Thursday, January 31, 2008

"Run Advertised Programs" with a limited account

If you have SCCM installed and you have an advertisement that has no manditory time then the user will see it in the Run Advertised programs (or add/remove depending on their settings) An issue has occured that if you are running in a locked down enviroment you might have a problem when sending advs down. We have our systems locked down so only a very few systems have Admin Rights. Even the IT dept runs with limited rights. We only use our admin account when necessary. The problem arises if you have this situation:

User only mode
No Manditory time on Advertisement
No Network Access Account

Bits 2.5 will fail at 99% or just not even start. Even though the Access Account is not used it prevents the download from occuring. When the same settings are used with an admin the problem is not seen. The solution is to configure a user account for use as the Network Access Account and downloads will work. Hopefully this will be fixed in the SP1 that should be out First Quarter of 2008

Wednesday, January 23, 2008

SCCM upgrade II

Well it seems I have it up and running, now I just need to configure everything. Seems that I needed the Enterprise AD admins to grant some permissions on the certificates for us little people. I was seeing that my certificate was not a valid cert and that SLL Client Authentication was not on the cert. As soon as that was solved I was able to add 2 computers to the SCCM computer collection. Of course it was well after work and I was very happy after fighting it for 3 days.

Monday, January 21, 2008

SCCM upgrade problems

Well I ran into some problems today while working on my SCCM upgrade. Seems I have a MP problem. It looks like my certificate might not have all the necessary options such as Client Authentication. I am waiting for the Enterprise guys to check the certificate. It is all install correctly and working but alas the clients can't talk to the server. There are multiple certificate problems. Well I will let you know exactly what was wrong and how I fixed it

Thursday, January 3, 2008

Patch Managment, the restart method

I have been asked and responded many times on various forums on how I do my patch management. Granted every organization is different so take it with a grain of salt. In an organization that is only 8am to 5pm with some people working late or early and where IT has been been given the power to control the machines on Patch Tuesday from 8pm to 6am here is what I do.

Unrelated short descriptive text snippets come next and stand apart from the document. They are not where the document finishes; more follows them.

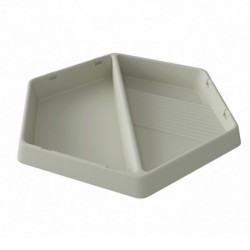 MASTERKIDZ Senzorická vanička s 2 priehradkami | na hru s pieskom a vodou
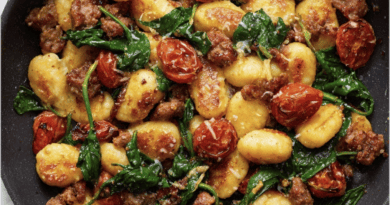 Pan-Fried Sausage Gnocchi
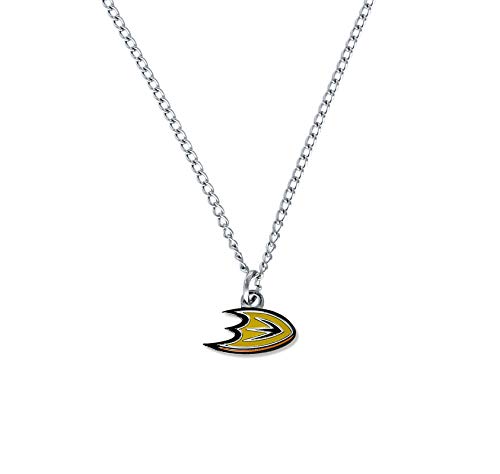 Aminco NHL Anaheim Ducks Logo Stainless Steel Jewelry Set - Necklace, Bracelet & Earrings Gift Bundle for Hockey Fans | Perfect for Game Day, Birthday Gifts & Sports Collectors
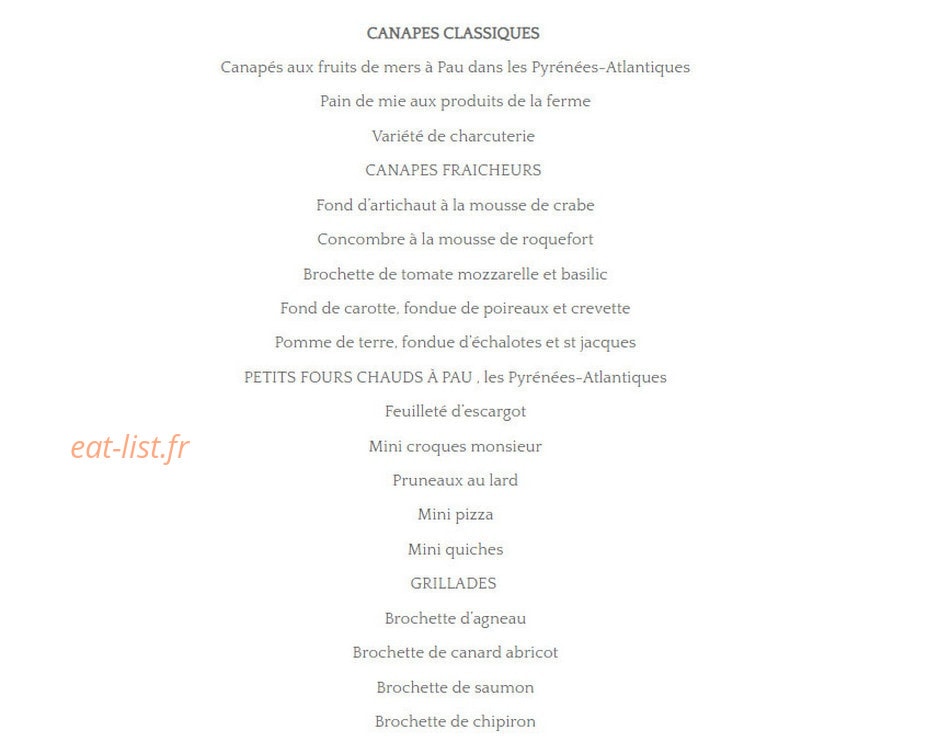 Les Deux Palmiers — carte page 4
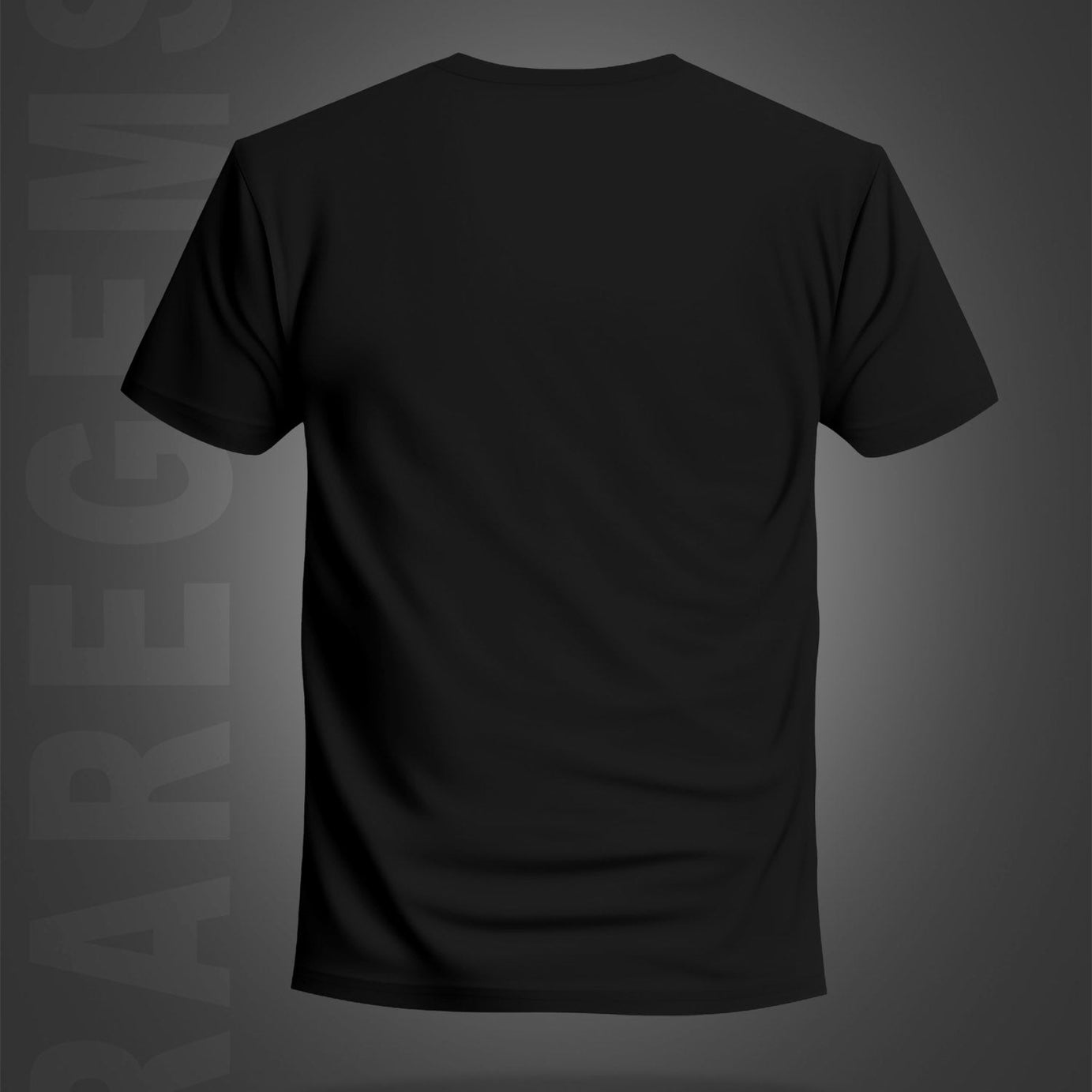 Black Half Sleeves Round Neck Never Give Up And Stay Strong Printed Regular T-Shirt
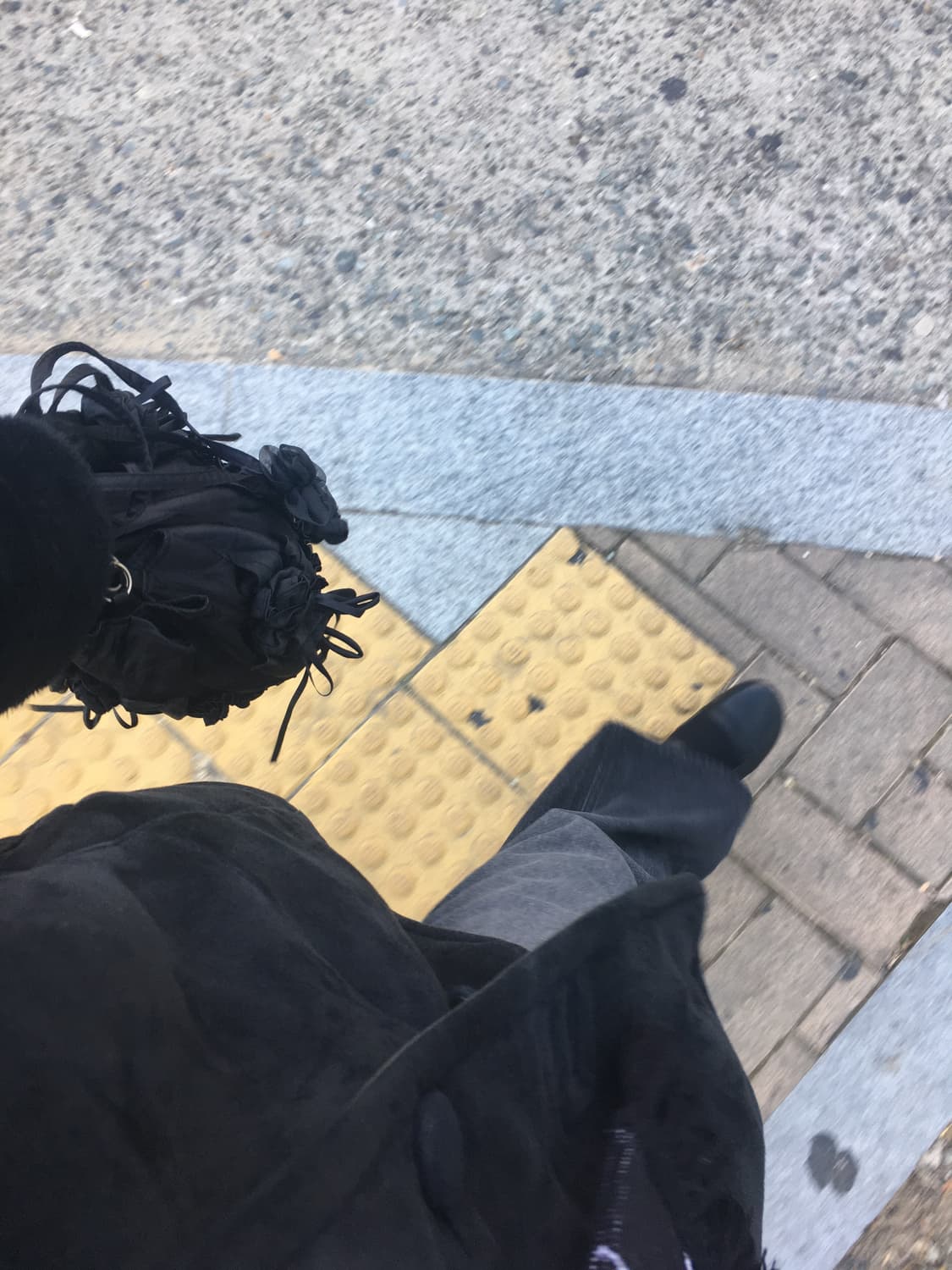 일본빈티지 포테치노 블랙 플라워백 숄더백 크로스백 꼼데st 꽃가방 상품이미지6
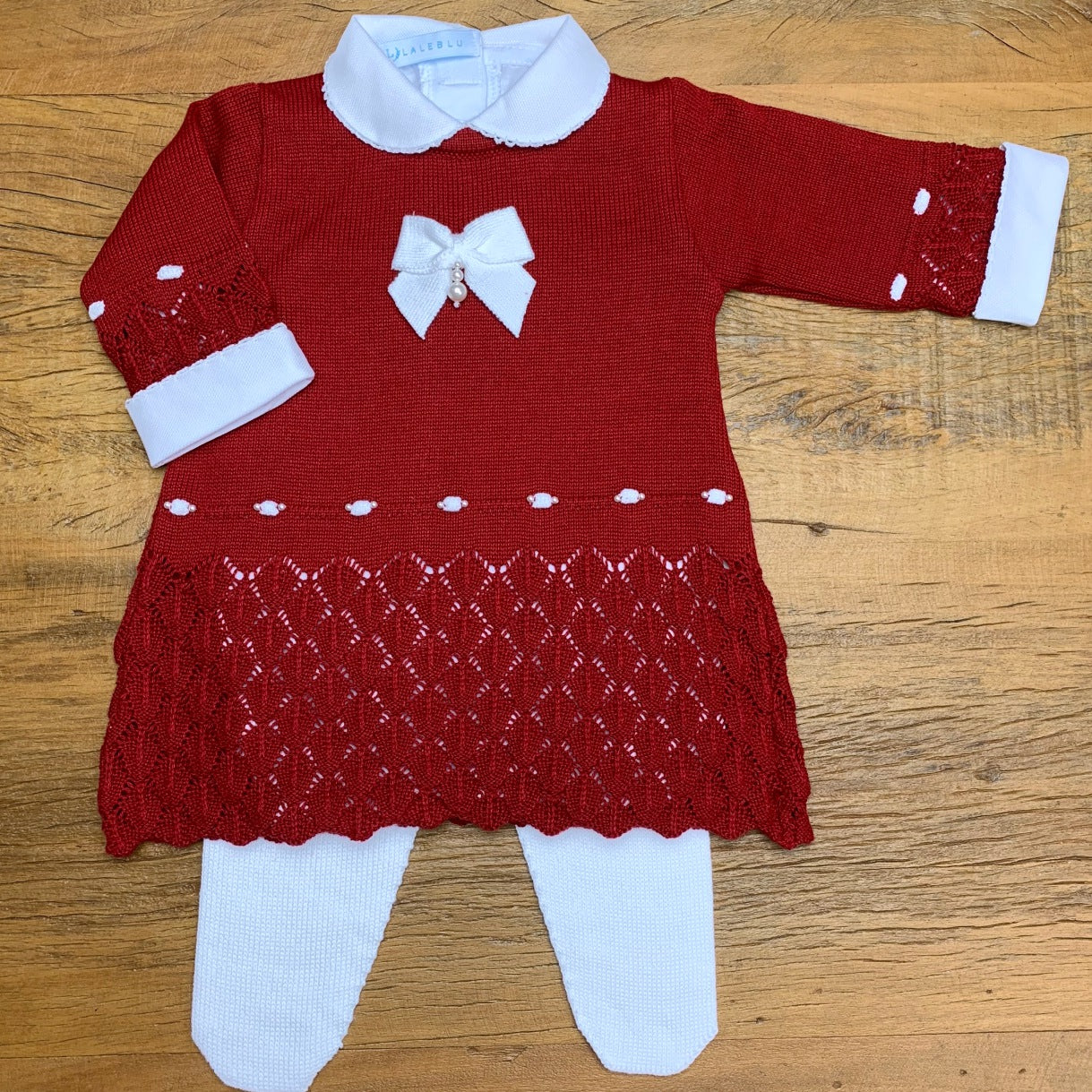 Vestido e Calça - Bárbara - Red com Pérolas e Cristais Swarovski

1. My patches are set to pre authorize and not have any user interaction
2. Patches are approved and setup to install by 4pm on Patch Tuesday
3. A system scan is done at 4:30pm when I can be assured the computers are on
4. A WOL packet is sent all over the state to all machines by 6pm, we have an inhouse software for this
5. A system scan is done at 7:30pm when I can be assured the computers are on
6. At 8pm all logged out machines are started and restarted when complete
7. At 11pm all logged on machines are patched and restarted when complete
8. At 1 AM all machines are restarted and scanned and patched again.
9. This is done every 3 hours until 5am when they are all set to stop. This insures that if a computer failed to install a patch that it will retry and have a restart if something happened
10. At 9:30AM a system scan is done for the morning report
11. At 10am patch install is set to install logged in/logged out but popup a message to the user for a restart


Out side of this we have a collection for each MS07-0XX patch and a Collection that has the previous scan package version. This is so we can target HTA popup messages. On unscanned machines (scan package version is current -1) we push a message box as soon as it comes on line and so the users understands a scan is about to start and then a patch will begin. On Thursday we send down a popup for the MS07-0XX patch subcollections with apopup telling the user they are missing a patch and to be aware it will attempt to install. If they recieve it more than 3 times they are to notify us. This means a patch is having an issue and IT needs to check it out.

This requires many complex collections and adv but we can have more than 80% patched the night of patch tuesday and then catch the rest later. These could be laptops, computers in closets, or messed up machines.